Of the eight farmer members in the committee, five farmers on the committee were nominated by the government are known to be convivial to government views. While three were to be nominated by the Samyut Kisan Morcha. Citing under-representation, a boycott of the committee by SKM was a forgone conclusion.

It may be also be recalled that contrary to the expectations of the people who supported the farmer agitation, many of the SKM members contested the Punjab elections and, predictably, lost spectacularly with all but one candidate losing their electoral security deposit. Likewise, was the fate of Uttar Pradesh assembly election candidates identified with farmer protests. Consequently, the SKM has lost much of its sheen and relevance.

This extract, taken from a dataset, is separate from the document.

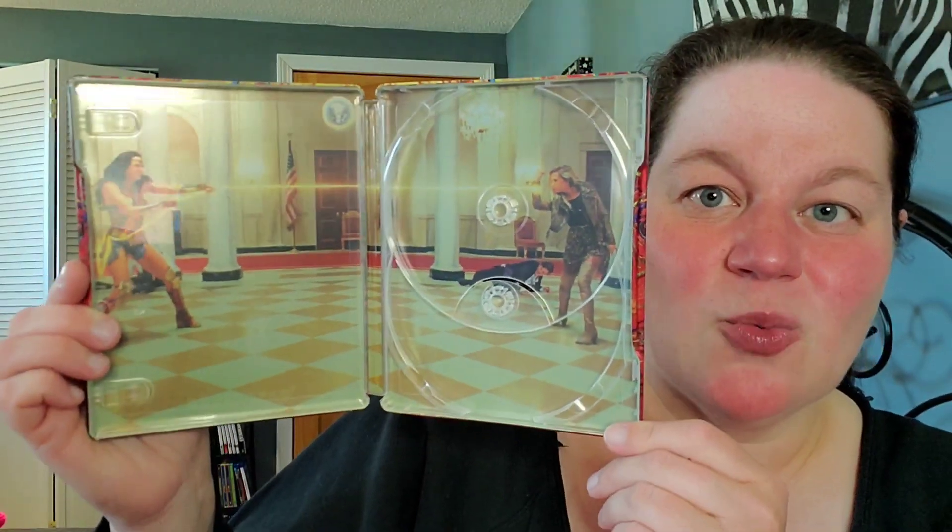As far as disc artwork, there really isn't a lot. We have a 4K disc and a Blu-ray. The 4K is just regular black and white with the Wonder Woman symbol, and the regular Blu-ray is blue with the Wonder Woman symbol.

Unions should now strive to earn respect, not popularity.

Many will criticize the committee for having farmers who mirror the government stand, which to my opinion is unfair. What one finds difficult to swallow is that one member, categorized as a farmer member has been a firm advocate of the pesticide industry. Vested interests need to be eliminated from the committee.

It is also a little curious that the Former Secretary, Ministry of Agriculture and Farmer Welfare Mr Sanjay Agarwal has been appointed chairman of the committee. He was at the vanguard of the misconceived government campaign on the ill-fated farm laws. This is precisely why Mr Agarwal should recuse himself from the position gracefully for the sake of propriety, morality and, more importantly, for allowing space for building trust with those sceptical of the whole exercise. One is not sure if he cherrypicked his own mandate and committee but it is quite out of order for a Member of the NITI Aayog, with a rank and status of a Union Minister of State being asked to serve as a member under Mr Agarwal.

Again, the committee, by design, has no state representation from Punjab, a major grain procurement state. This will be used to whip up divisive sentiments in the state.

Like many who equate incomes with livelihoods, the mandate of the committee obscures changing cropping patterns with diversification. It is, at best, a subset of diversification. The agriculture department may have an understanding of the problems but now needs to comprehend that those problems cannot be solved by having discussions centred around cropping choices and practices. Solutions require a systems approach. Limiting the mandate to crops, with the Secretary, Ministry of Animal Husbandry not even a member of the committee, is curious because one third of all agricultural GDP comes from rearing animals. It reminds of John Maynard Keynes perceptive comment: “The difficulty lies not in the new ideas, but in escaping from the old ones”. Given this state of affairs it is not difficult to understand why things have gone so wrong and why the even worse threatens.

Like the lawyers in the US judicial system speculating on the ruling of a jury based on its composition, may I venture into unfamiliar territory but confidently predict some of the major outcomes.

  • The committee will propose to end open-ended procurement of grains at MSP (wheat and paddy) and limiting procurement for 5 acres of produce per farmer. While making MSP available for a larger number of farmers across India geographically.
  • It will also end unlimited availability and access of subsidized fertilizers for all farmers by proposing to shift towards a mechanism of direct fertilizer subsidy transfer into farmer accounts.
  • Lip service to natural farming will continue to be the norm.
  • Lastly, the committee which has not been given a time frame to deliver the report can be expected to circumambulate to eventually giving recommendations after the 2024 parliamentary elections.

For the rest, we seem to be wasting time squabbling over small mandates and short-term goals. We are limited by imagination as we lose largely unimagined opportunities of a food systems approach that are now deemed to be utopian. It will, in a few years, become essential thinking, making us reinvent the way we do everything.